We are beginning to use this ourselves. Can’t say I’m using it in production yet, but I will be, which is why we needed to write it. Frankly I was a bit surprised I didn’t already find 3 other things that did this, because data migration is not an exotic problem at all. Plenty of others use couchbase + ottoman in production, I’ve been scratching my head wondering what they’ve been doing to address this…
Right now, what’s being migrated is the documents themselves. Recently on ottoman, I’ve put in a number of PRs that attempt to position ottoman to be more flexible in the future. For example, my team has contributed a lot of unit tests, and a plugin architecture (https://github.com/couchbaselabs/node-ottoman/pull/88) for ottoman.
Migrating models themselves is tricky; many frameworks would enable “lazy migration” of data, that is migrating instances when they’re touched instead of all at once. We’d like to get there over time, but at the moment the architecture in ottoman makes this quite difficult. When a document gets loaded from the DB it is immediately validated against the present schema. Ottoman needs quite a bit more machinery before it could do lazy migration. In the end, if you’re dealing with a really huge amount of data, much of it latent, lazy migration is really the way to go, and eager migration (execute a big query, update everything all at once) is just too much to bite off, and may cause unacceptable downtime anyway.
Now on the migration of the models side, another idea we’ve had but have not yet implemented has to do with versioning the models. Perhaps documents should get a tag of which version of what model they correspond to, and perhaps ottoman models themselves (being easily expressible as JSON documents) should be stored in the DB. In most every DB you’d run across, metadata about the data would be in the DB. With ottoman right now, not so much…so for example you cannot distinguish between a field that’s missing because it wasn’t set on the document, and a field that isn’t defined on a model. Saving/versioning ottoman models in the DB would address this.

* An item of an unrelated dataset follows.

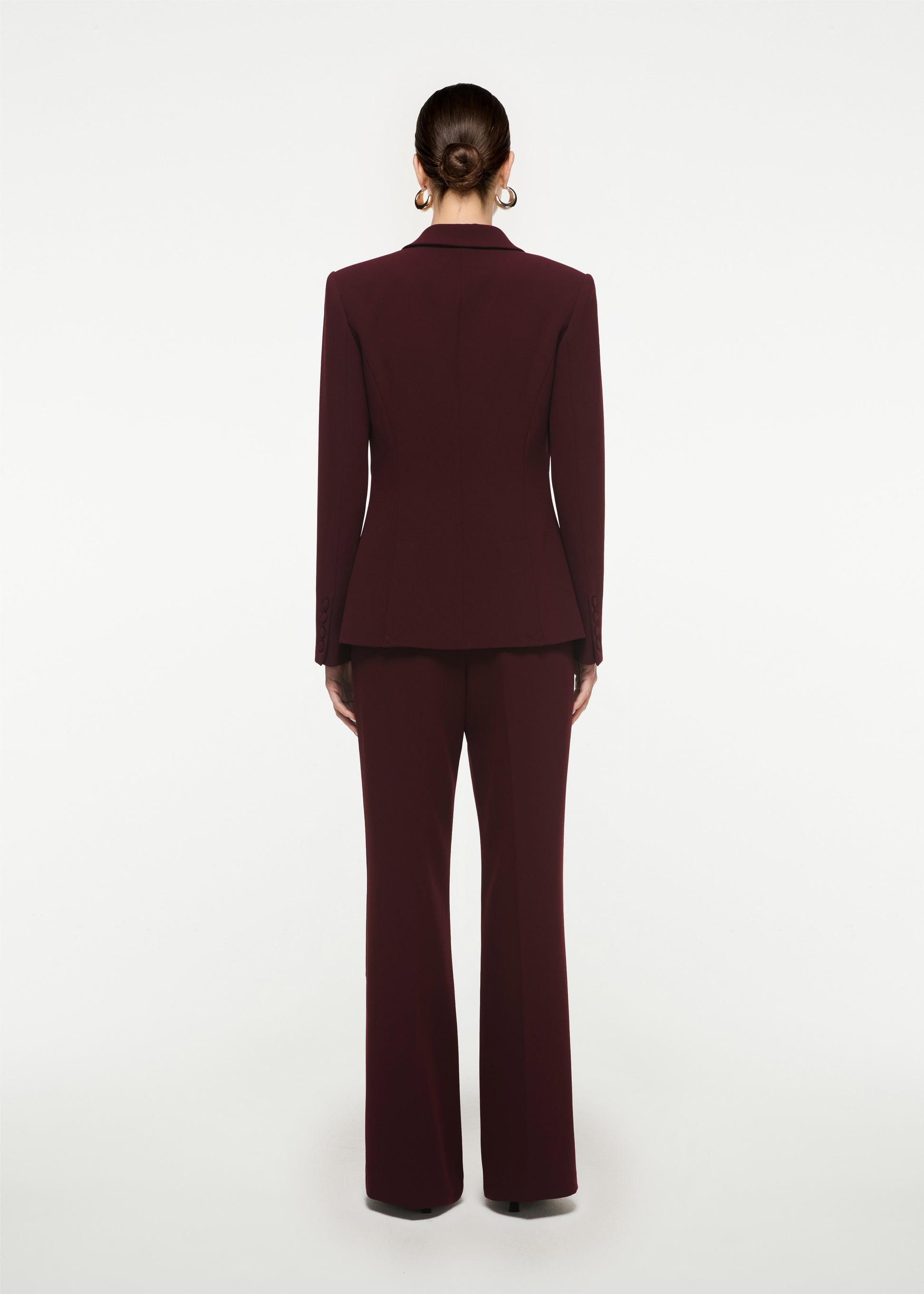 The back of a woman wearing the Single Breasted Stretch Cady Blazer in Maroon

Baby steps. The plugin system for ottoman was about beginning to make some of those things possible in ottoman. This db-migrate plugin is about giving us some method of evolving documents rather than re-loading all of the data, or hand-writing transform scripts every time, which is just too painful to be worth serious consideration.
The driver itself is broader than just ottoman though; in the sql world a lot of migrations really boil down to vanilla SQL statements executed. So too the same can be true in the couchbase world if you’ve got the ability to use n1ql. So the driver relies on ottoman to define concepts like “table”, but even if you don’t use ottoman at all, db-migrate-couchbase can still be useful for quite a bit.
There’s a lot of stuff that developers using things like MongoDB and Mongoose would take for granted, but that we can’t yet do with Ottoman + Couchbase. We’re taking little bites at adding some of those things. Ultimately we (like many others) had to choose between Couchbase & Mongo. We chose Couchbase in part because of n1ql, but the cost is that in the node ecosystem, there’s still a ways to go before the functionality reaches parity with some of the other document DBs out there. Had we chosen java the picture would be different though.